As a user of Google and Bing search engines, I do not want any government to force them to publish their algorithms. It will make the search results worse. Keeping the algorithms and heuristics a secret is a valid way to fight abusive gaming of the system.

The opaque strategy for search rankings is not the same issue as a closed-source encryption algorithm with a backdoor.

ksk · on Oct 28, 2016

>If we get 0.01% of eyeballs to our "bad" links converted as sales, that's still better than zero.

Where did you get the 0.01% from ? That sounds like a rather high number.

>It will make the search results worse. Keeping the algorithms and heuristics a secret is a valid way to fight abusive gaming of the system.

I understand that this is your opinion. Thankfully, there is no evidence that this is true.

jasode · on Oct 31, 2016

>Where did you get the 0.01% from ? That sounds like a rather high number.

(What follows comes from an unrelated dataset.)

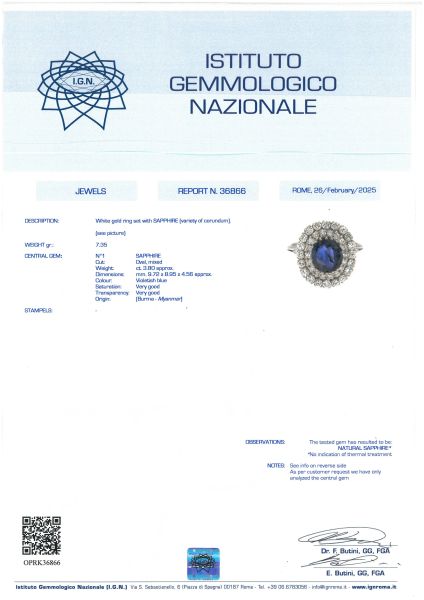 ANELLO CON ZAFFIRO BIRMANO E DIAMANTI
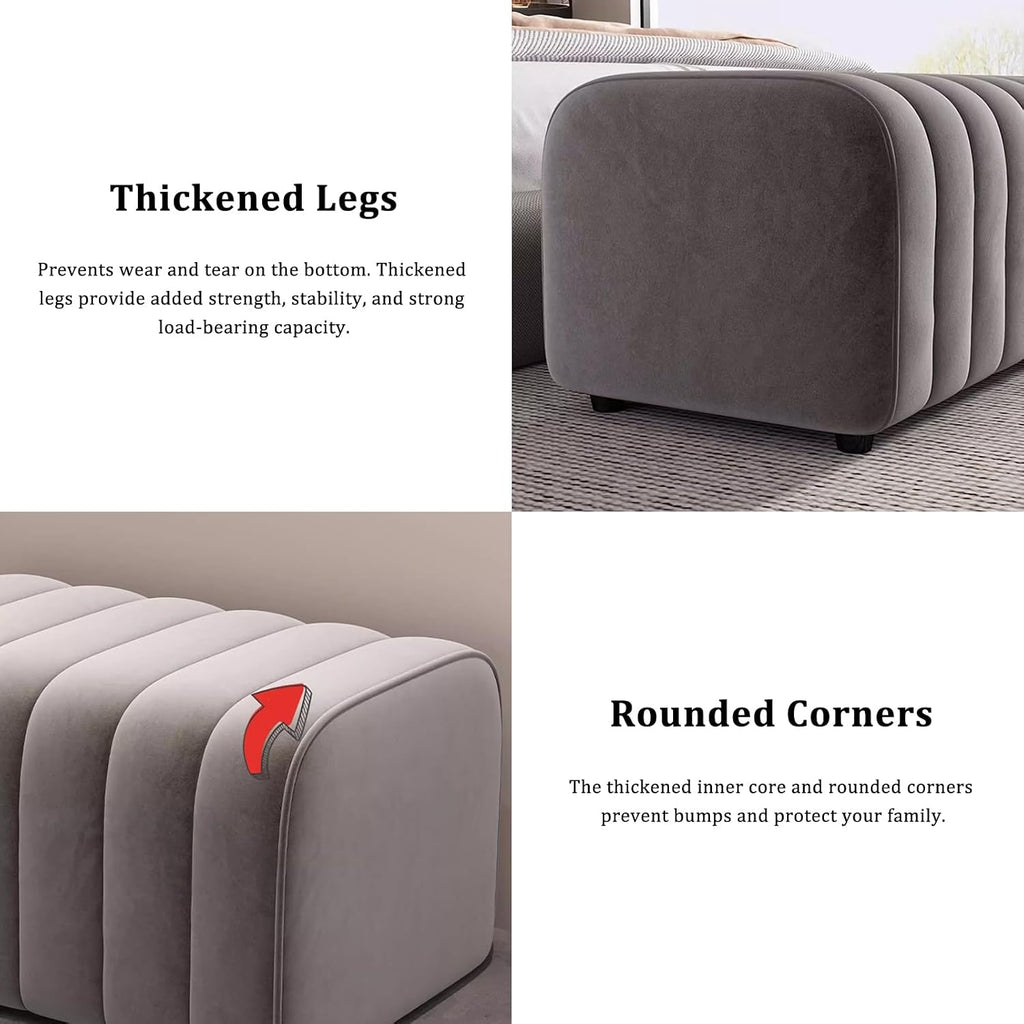 Velvet End of Bed Bench, Toast Entrance Shoe Bench, Solid Wood Vanity Stool Soft Foot Rest for Bedroom Living Room Corridor Entrance Dressing Room Store(100x40x40cm, Brown)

Why are you distracted by that 0.01%? Whether it's 0.001% or 0.00001%, it's still higher than zero. It still drives the incentives to push bad pages to the top of search results.

>, there is no evidence that this is true.

The evidence is Google's ongoing evolution of algorithms from the 1998 PageRank paper[1]... to Panda... to Penguin... to Hummingbird. All that constant rewriting is to stay ahead of the abusers gaming the search algorithms.

The link farms were created by spammers based on the information about Pagerank and using its link-weighting to the spammer's advantage. The public knowledge of how PageRank works allowed spammers to make search results worse. There are many examples[2] of of link spam that is not motivated by the "ads" in the right side of the page. What you call "web marketing" is often bad pages made visible by abusive SEO techniques.

Panda was a response to this gaming by analyzing extra signals to penalize link farms. Abusers continued to game Panda's revised algorithms and Google responded with Penguin.[3] Just stop and think deeply about why we can't just use Google's original 1998 PageRank algorithm unchanged in 2016.

At this point, making all of the algorithms and weights of Hummingbird public will only give the spammers the necessary information to make the search results worse for the rest of us.

[1]http://infolab.stanford.edu/pub/papers/google.pdf

[2]https://en.wikipedia.org/wiki/Google_penalty#Common_forms_of...

[3]http://searchengineland.com/google-launches-update-targeting...

ori_b · on Oct 28, 2016

If your belief is true, why does email spam exist? There is no way to way to tell if they were opened (especially with modern email clients that will not load external links), so there is no direct advertising happening.